Sequence of Events for Harvester Pull Operation

1. Harvester starts up. (Add log entry to record startup operation.)

2. Harvester reads the Harvest registry from the database, creating a
   HarvestSiteSchedule object for every record in the
   HARVEST_SITE_SCHEDULE table.

3. For each HarvestSiteSchedule object:

    4. If this site is due to be harvested today:

        5. Get the harvest configuration from the documentListURL.

        6. Parse the document list file, creating a HarvestDocument 
           object for each document element in the file. (If file is not a 
           valid document list, log an exception, send email report, and exit.)

        7. For each HarvestDocument object:

            8. Query Metacat as to whether it already has this document.

            9. If Metacat does not already have the document:

                10. Get the document from the site, using the document URL.

                11. Parse the document to check that it is valid EML. (If not valid, 
                    log an exception and continue.)

                12. Insert or update the document to Metacat.

                13. Log the result of inserting or updating the document to
                    Metacat (including any exceptions).

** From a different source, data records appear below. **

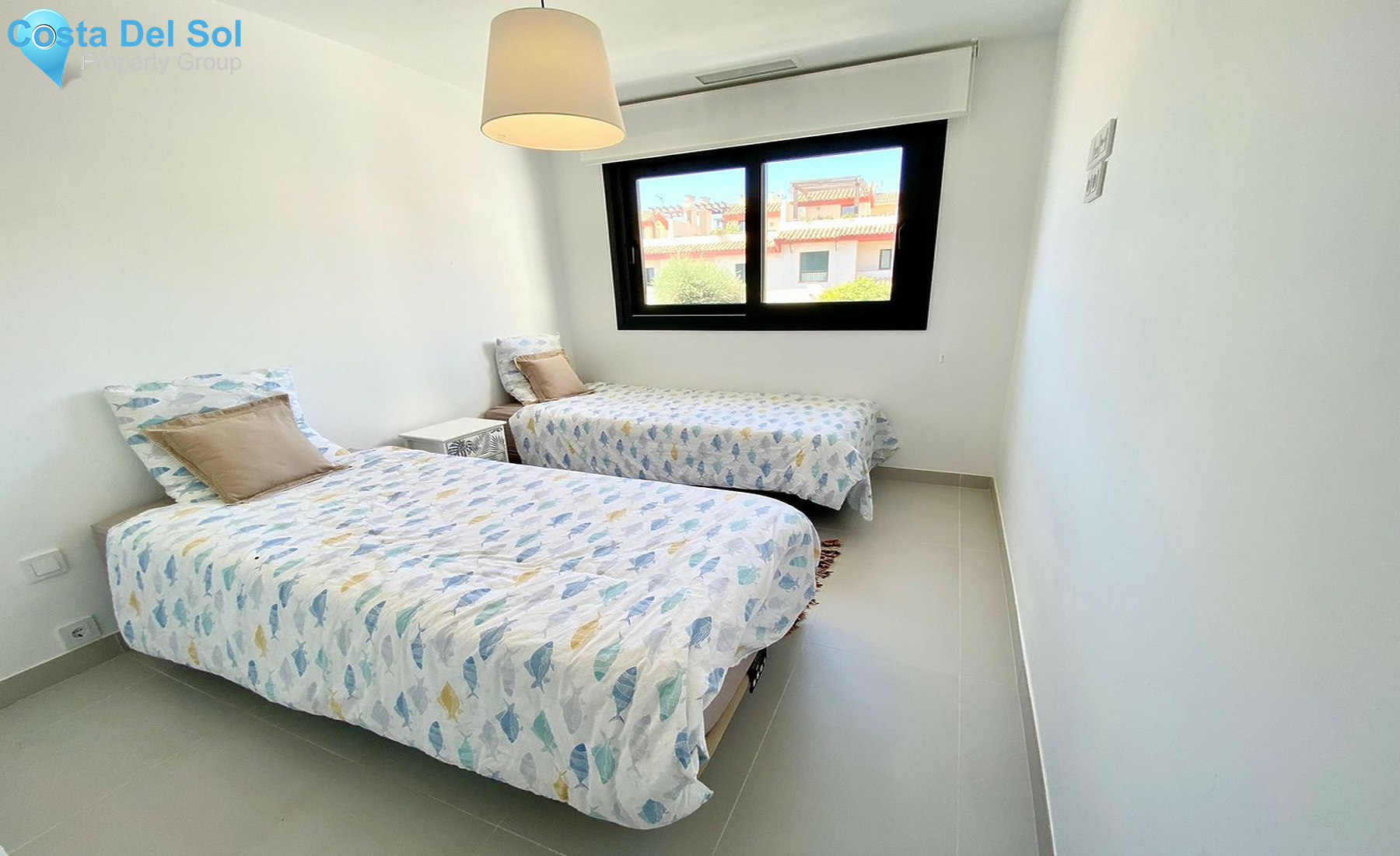 Middle Floor Apartment in Estepona-1404145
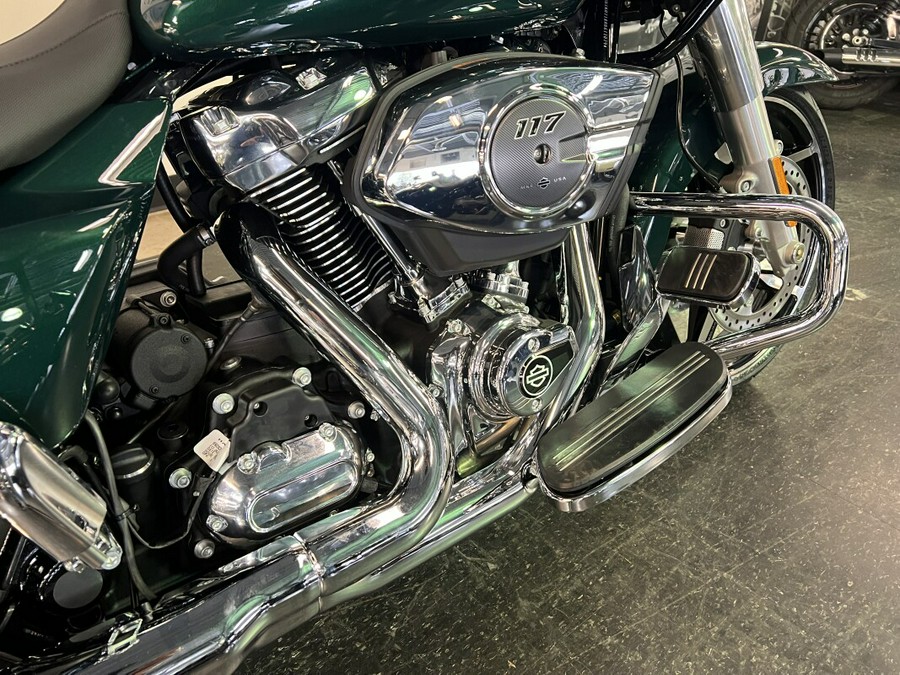 2024 Harley-Davidson Road Glide® Alpine Green FLTRX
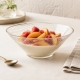 Mini-saladier Filet La Rochère utilisé pour servir un dessert à la crème, aux pêches et aux framboises.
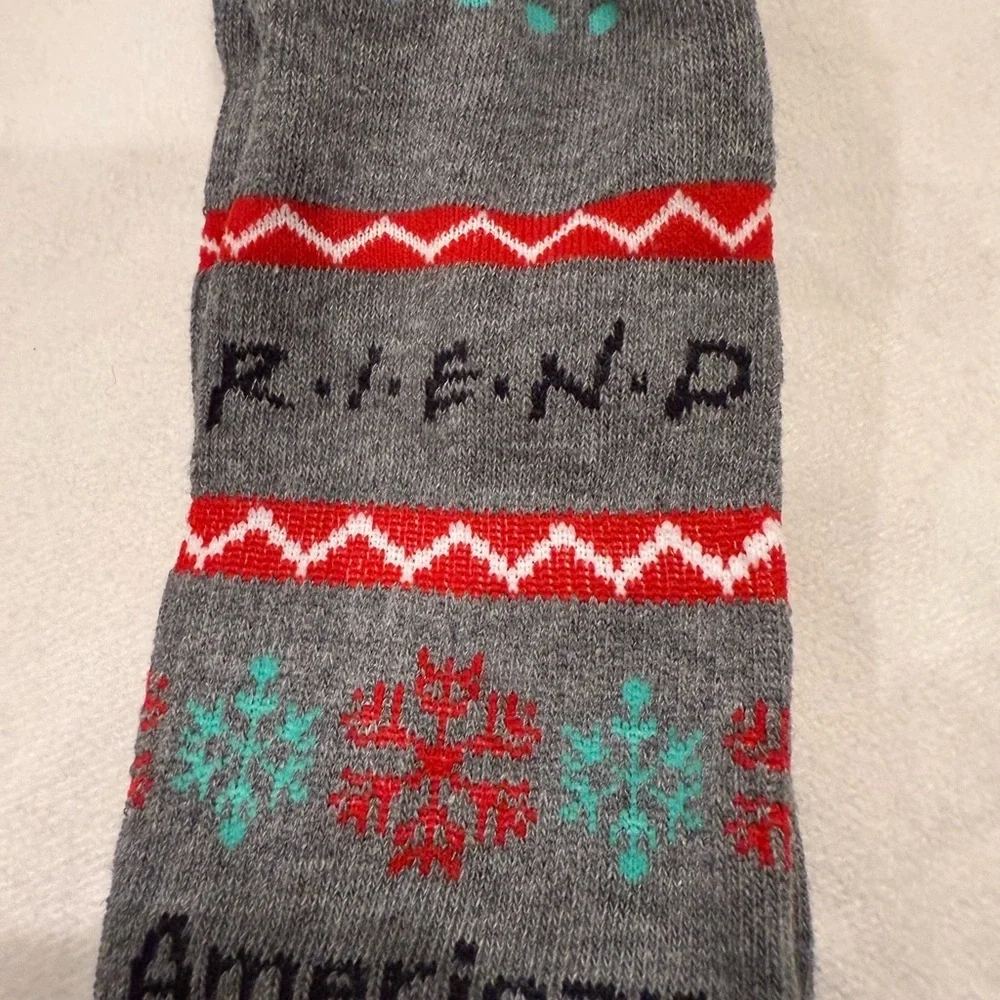 FRIENDS + AMERICAN RED CROSS OSFM Crew Socks
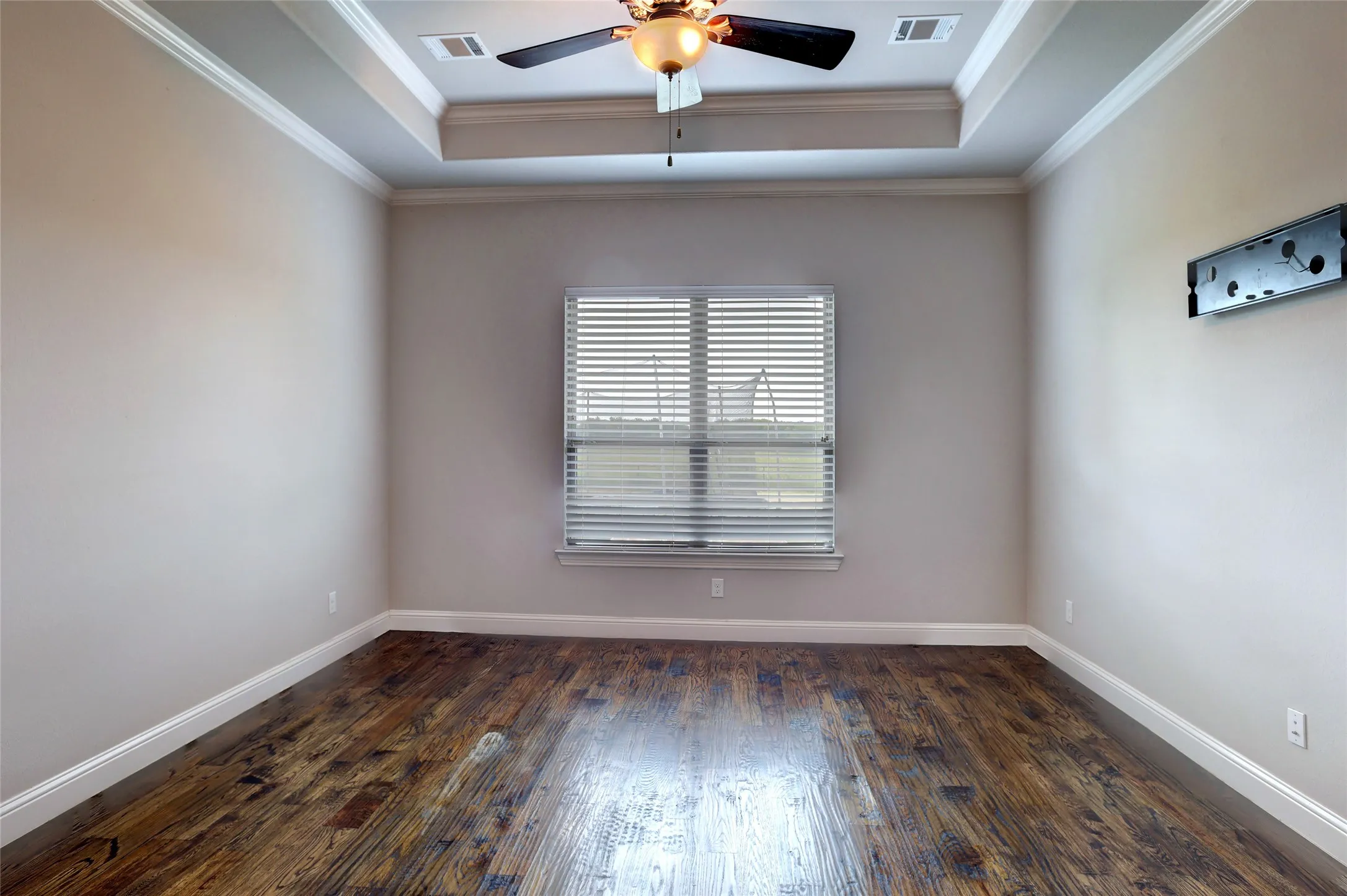 Single Family Residence For Sale in Collin County , 20392 County Road 637, Nevada, Texas 75173, 4 Bedroom, 4 Bathroom, 3 Garage spaces, 3,671 Sqft, built in 2014, mls#21375832, Real Estate Agent in Nevada, Homes For Sale in Collin county, Homes For Sale in Nevada, Realtor in Nevada Texas, Real Estate Brokerage Independent Realty Texas, Luminita Cordes Realtor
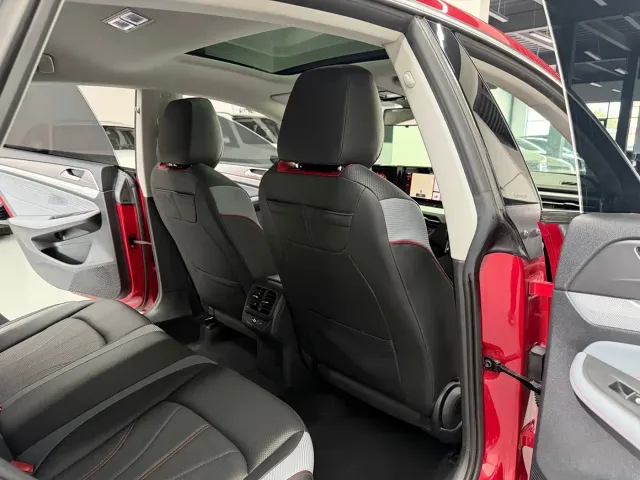 Volkswagen Lamando — Фото автомобиля 15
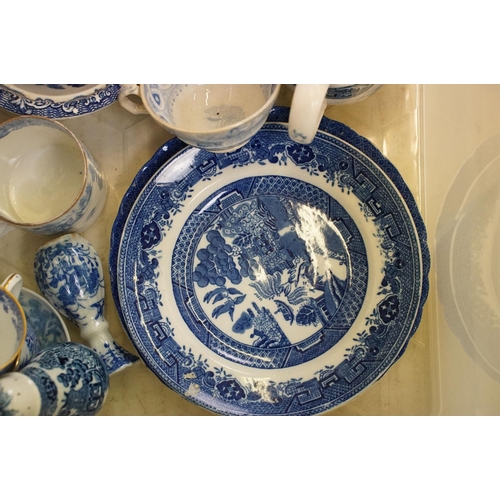 49 - Collection of blue & white tea ware / ceramics, 19th century onwards, to include a Dutch wash jug & ... 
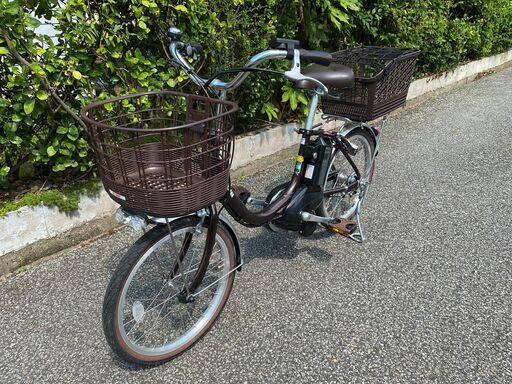 電動自転車 荷台のカゴ付き　数回使用のみ【8月28日（金）引取可能者限定】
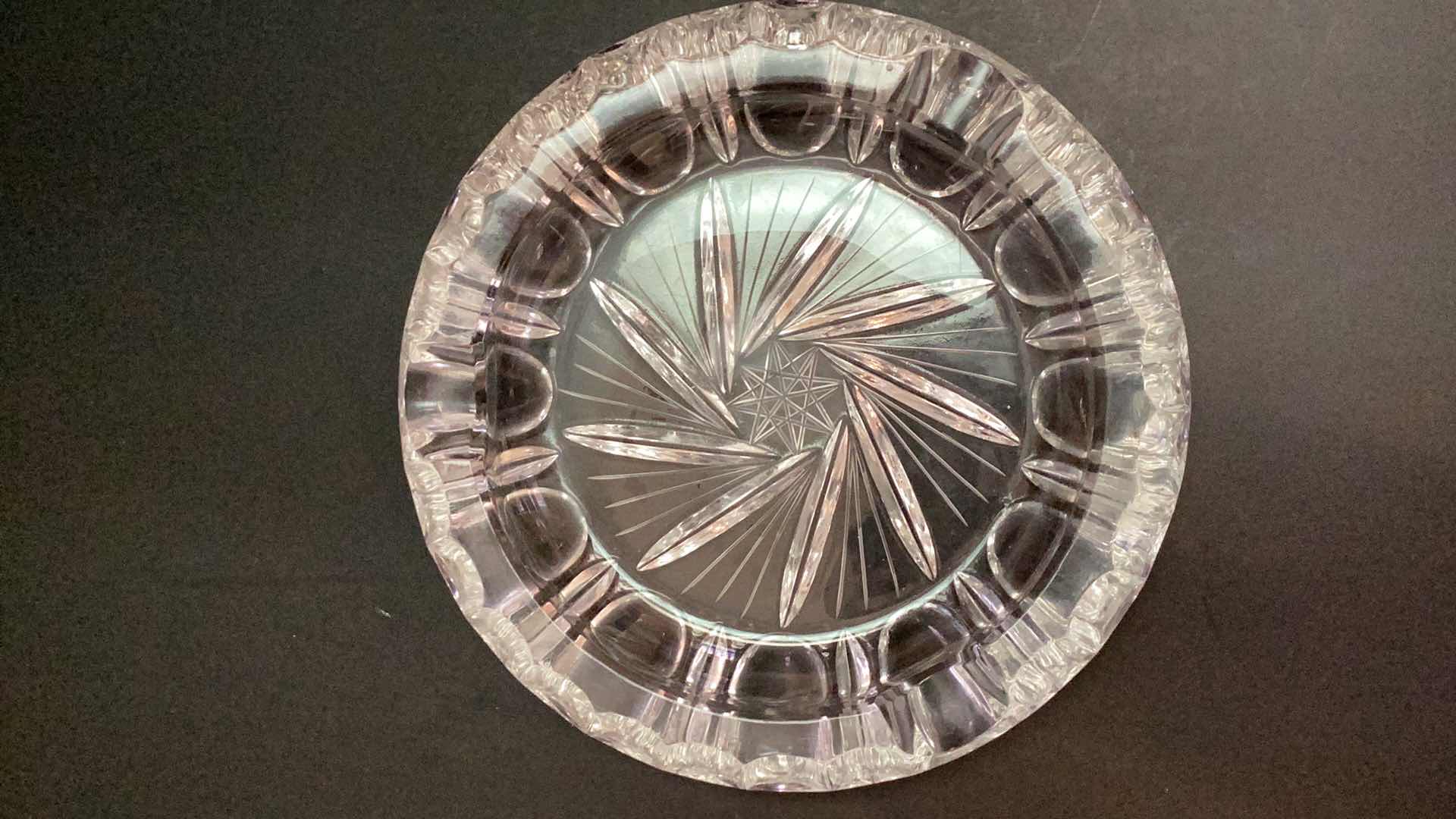 Photo 1 of CRYSTAL ASH TRAY 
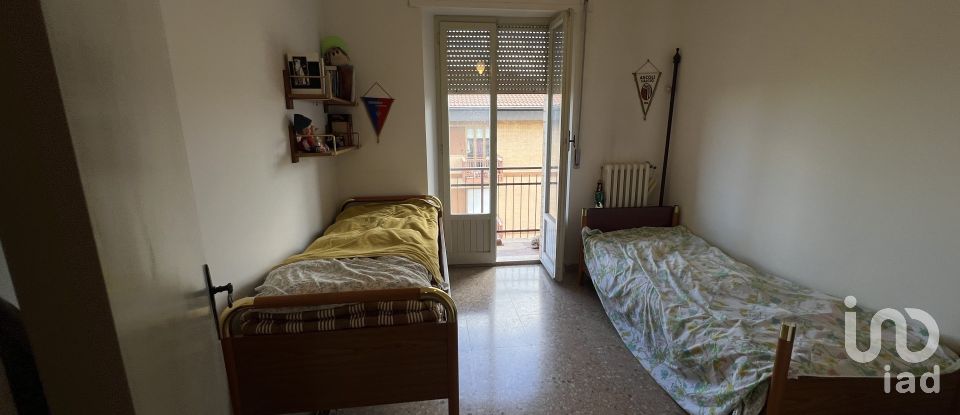 Appartamento 7 locali di 128 m² a Falerone (63837)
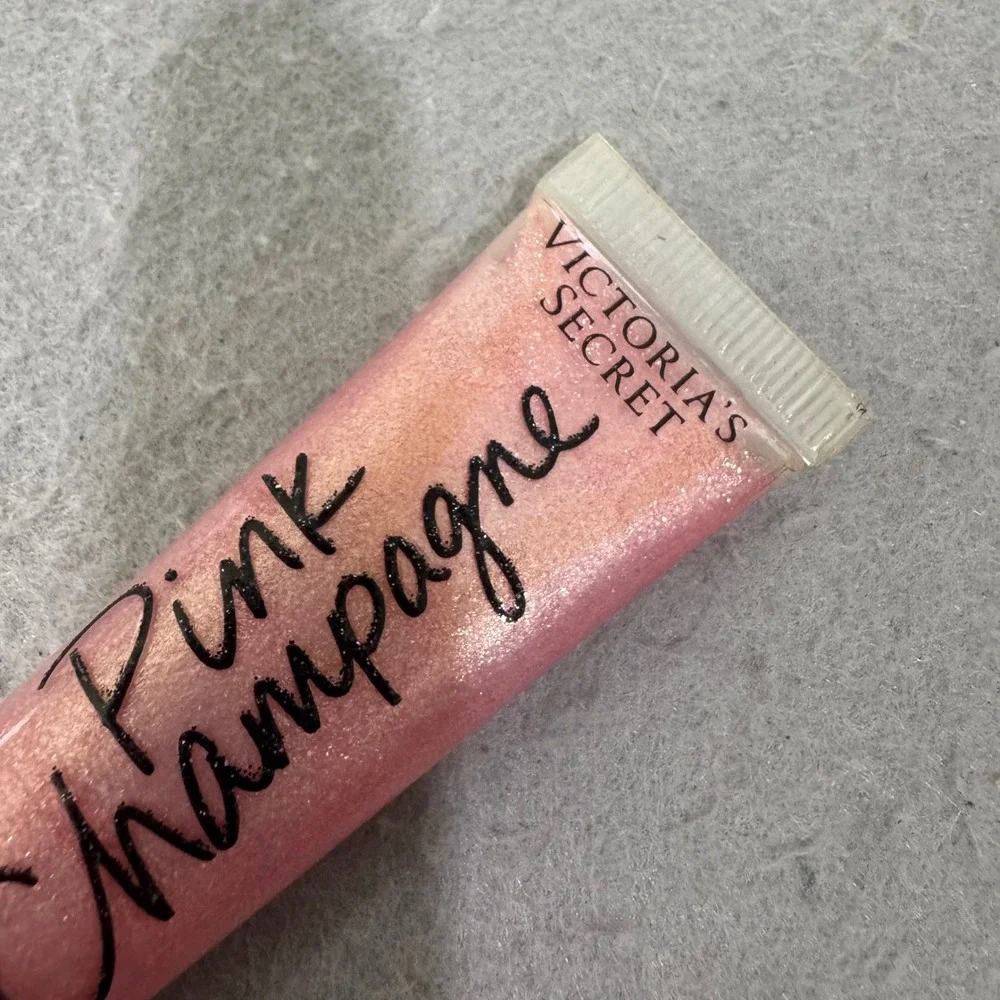 Victoria's Secret Lip Gloss Pink Champagne Shimmer Flavored 13g .46oz New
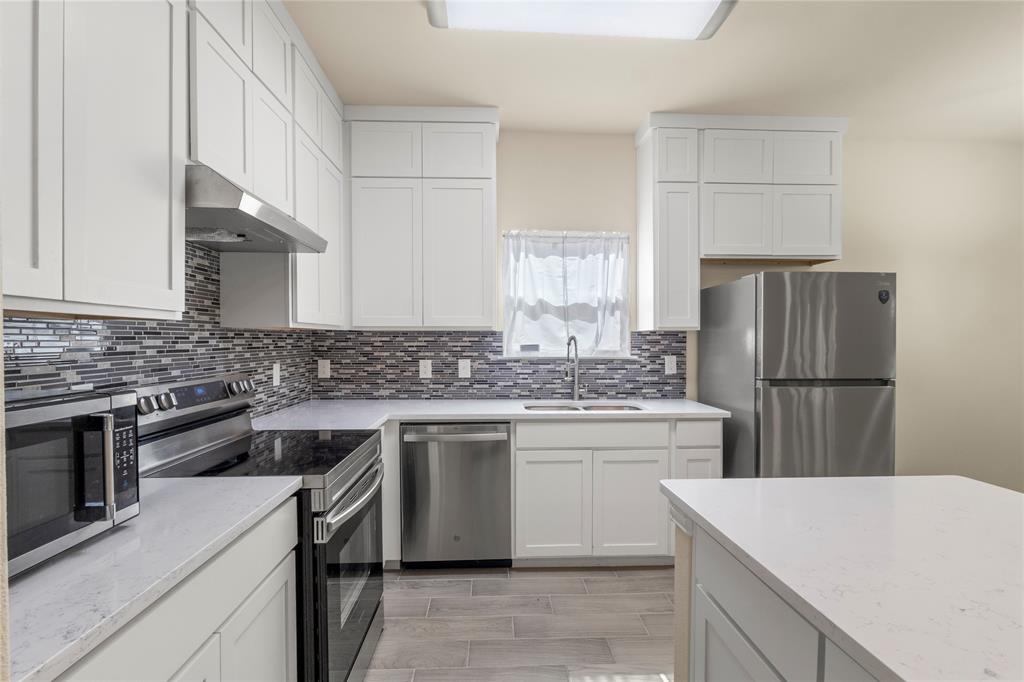 2959 Simpson Stuart Road, Dallas, TX 75241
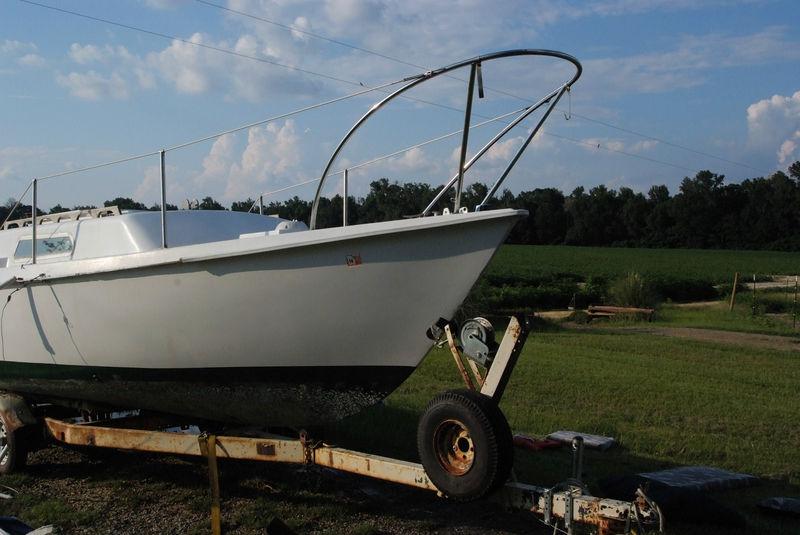 22ft sailboat sleeps 4, swing keel, includes trailer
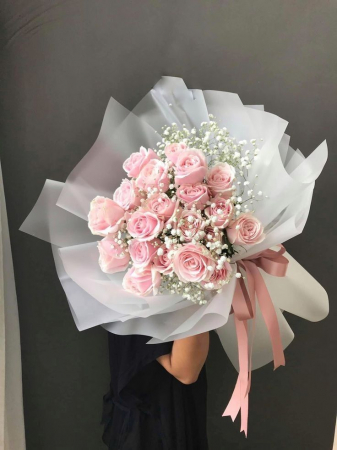 Buchete din Trandafiri - Buchet din 21 Trandafiri Roz și Gypsophila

            14. Else, Metacat already has the document. Determine the
                highest revision of the document in Metacat and provide
                this information in the report to the site contact (15).

        15. Generate and send an email report to the site contact. The report 
            will contain results of this harvest, and the (tentatively)
            scheduled date of the next harvest.

16. Generate and send an email report to the harvester administrator. The report
    is a composite of all the individual site reports. (Alternatively, this 
    could be written to a log file instead of emailed. An email message could 
    simply contain the location of the log file and a brief summary.)

17. Harvester shuts down. (Add log entry for shutdown.)